The true meaning of the word person is also exemplified in the matter of contracts. It is said, generally, that all persons may contract; but that is not true in the sense that all human beings may contract. Thus, a married woman, an infant, a lunatic, cannot contract. Again, a slave of mature age, sound intellect, with the consent of his master, cannot make a contract binding on himself, although as an agent he may bind his master. These matters are important only as they serve clearly to show that the civil person may have rights distinct from those which he possesses as an individual ;- and that his rights or duties as an individual may consequently become opposed to his rights and duties as a civil person. Thus, a partnership of three persons may own, for example, a moiety of a ship, and one of them the other moiety. In case of a difference between them as to its use, the rights of the one as a partner, and his right as an individual owner of another moiety, are directly opposed. In order, therefore, in any case, to perceive the application of a rule of law, it must be considered whether the person or the individual, or both, is the possessor of the right. For it may be asserted as absolutely true, that the rights of the man are not recognized by that law which is termed the municipal. It recognizes them only as they grow out of, or are consistent with, his character as a civil person. In other words, this is the distinction between the Common Law and the law of nature. Nor is this a fanciful distinction, inasmuch as the rudest tribes, as well as the most civilized nations, have always distinguished between the rights and duties of their members, and of those who were not members of the body politic.
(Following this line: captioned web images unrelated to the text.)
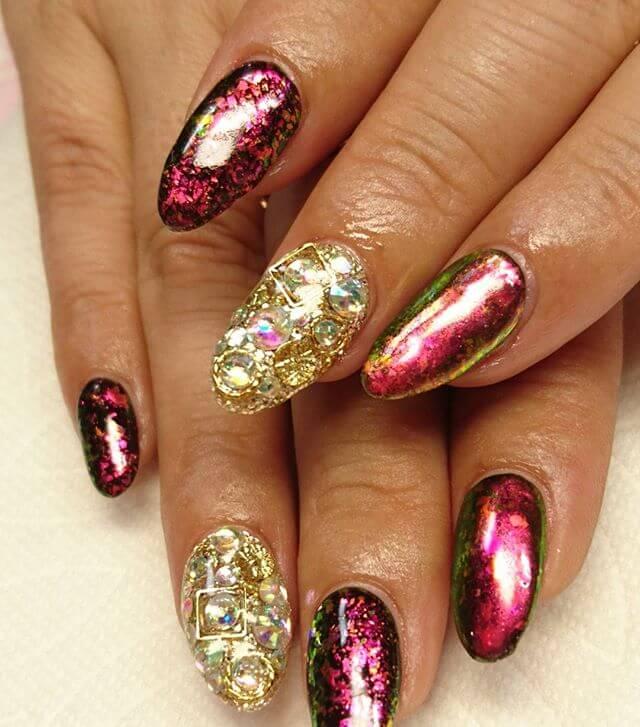 ongles en gel doré et rouge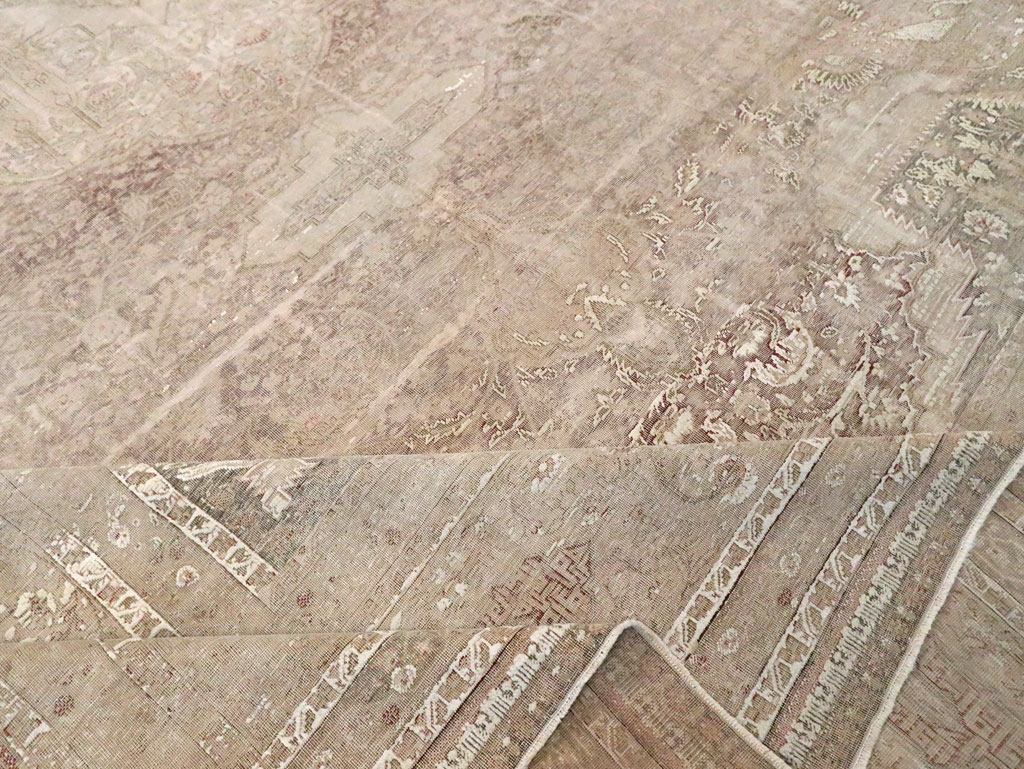 Antique Turkish Kayseri Room Size Carpet, No.30599 - Gsblank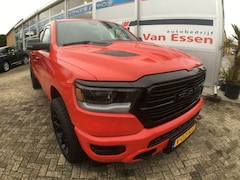 Dodge Ram 1500 - 5.7 V8 4x4 Crew Cab Laramie Laramie night edition, Prins lpg, harman cardon, luchtvering,
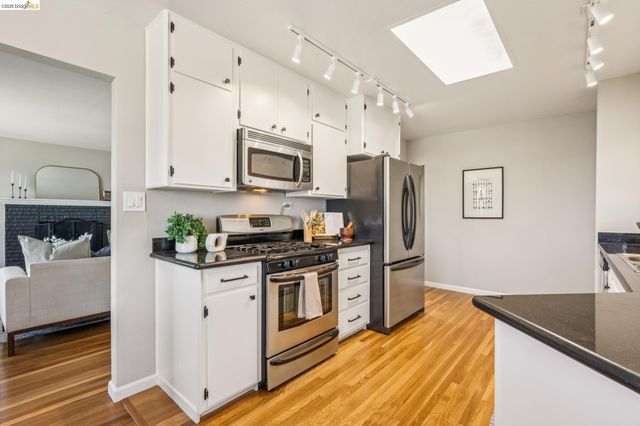 2328 Carquinez Ave, El Cerrito, CA 94530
Even after the philosophical jurists of antiquity had polished and improved the jurisprudence of aristocratic republican Rome by the philosophy of the Portico, Cicero, statesman, philosopher, and jurisconsult, exclaims with indignation against the confusion of rights of person that the age witnessed: " In urbem nostrum est infusa peregrinitas; nunc vero etiam braccatis et transalpinis nationibus ut nullum veteris leporis vestigium appareat."